▶ Directions for this task: Where the data below contains pictures, omit them; output the rest word for word.

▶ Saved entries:

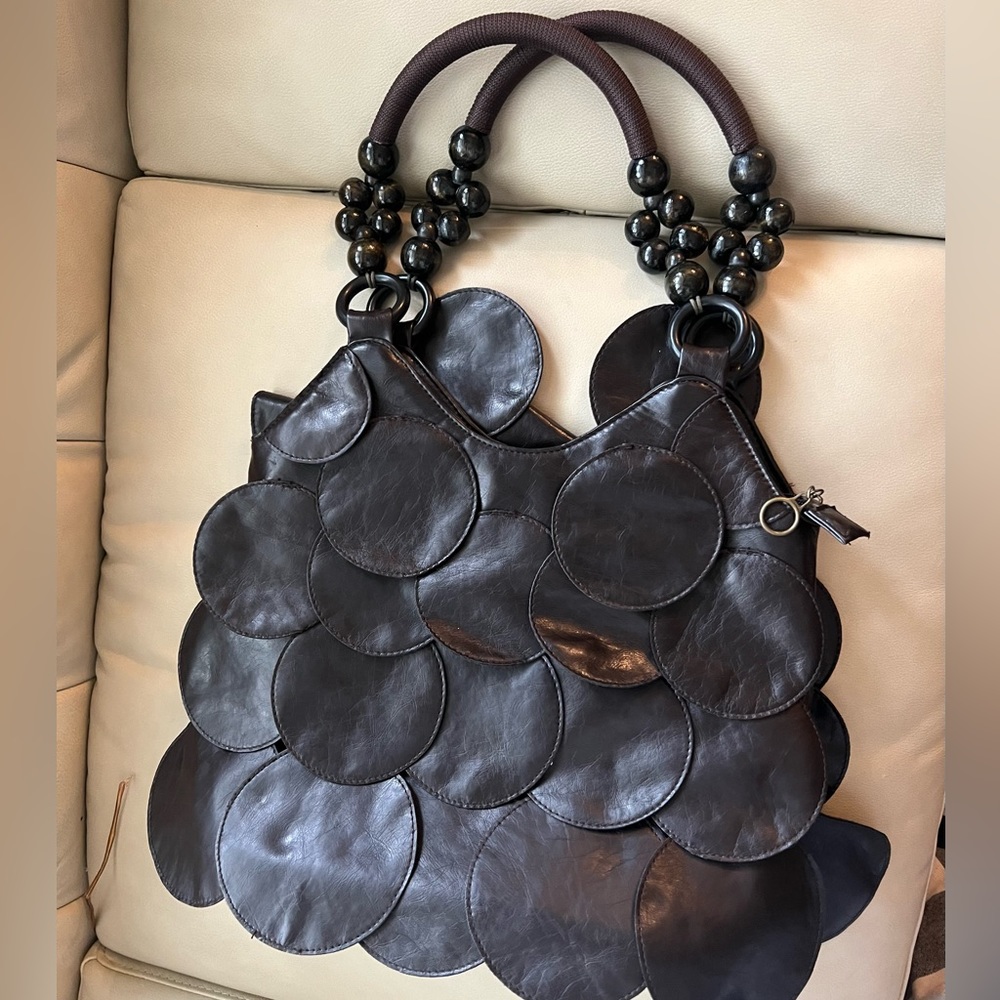 Cutest vintage hand bag, Dark Brown with one zipper pocket & 2 small open pocket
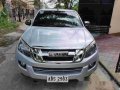 Silver Isuzu D-Max 2015 at 35000 km for sale-3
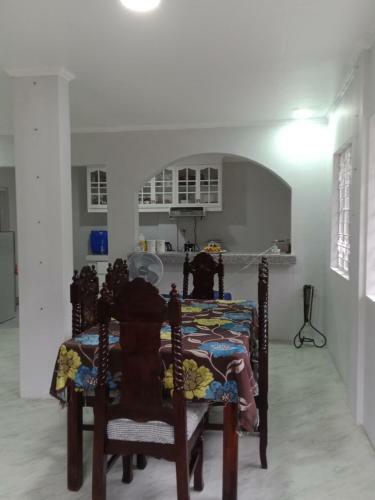 Felipe Home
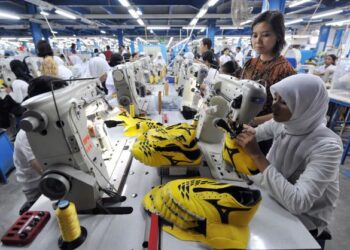 MAJIKAN perlu mengambil inisiatif untuk menyediakan latihan dan sokongan yang mencukupi bagi 
memastikan pekerja terus relevan dalam pasaran buruh. – AFP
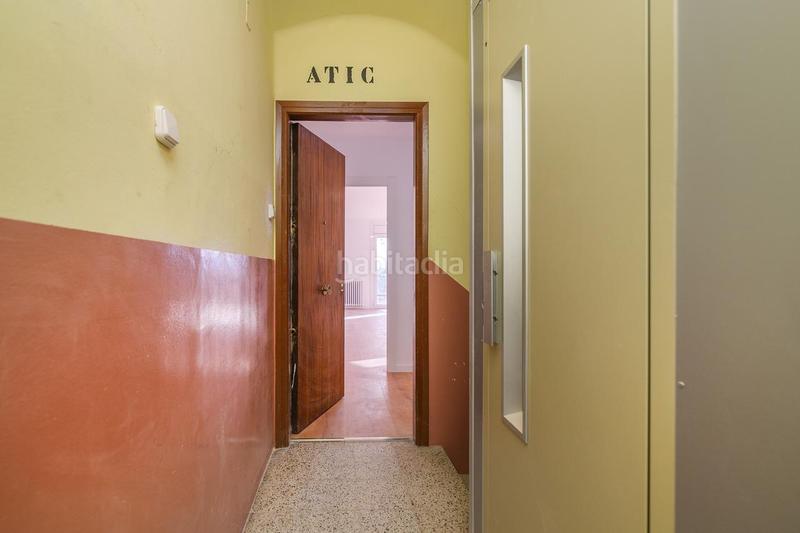Foto 7870b7c4-2bef-421a-a3bf-31fd00a6931e. Ático vivienda reformada con terraza panorámica en venta en Manresa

▶ Your response:
 Cutest vintage hand bag, Dark Brown with one zipper pocket & 2 small open pocket
 Silver Isuzu D-Max 2015 at 35000 km for sale-3
 Felipe Home
 MAJIKAN perlu mengambil inisiatif untuk menyediakan latihan dan sokongan yang mencukupi bagi 
memastikan pekerja terus relevan dalam pasaran buruh. – AFP
Foto 7870b7c4-2bef-421a-a3bf-31fd00a6931e. Ático vivienda reformada con terraza panorámica en venta en Manresa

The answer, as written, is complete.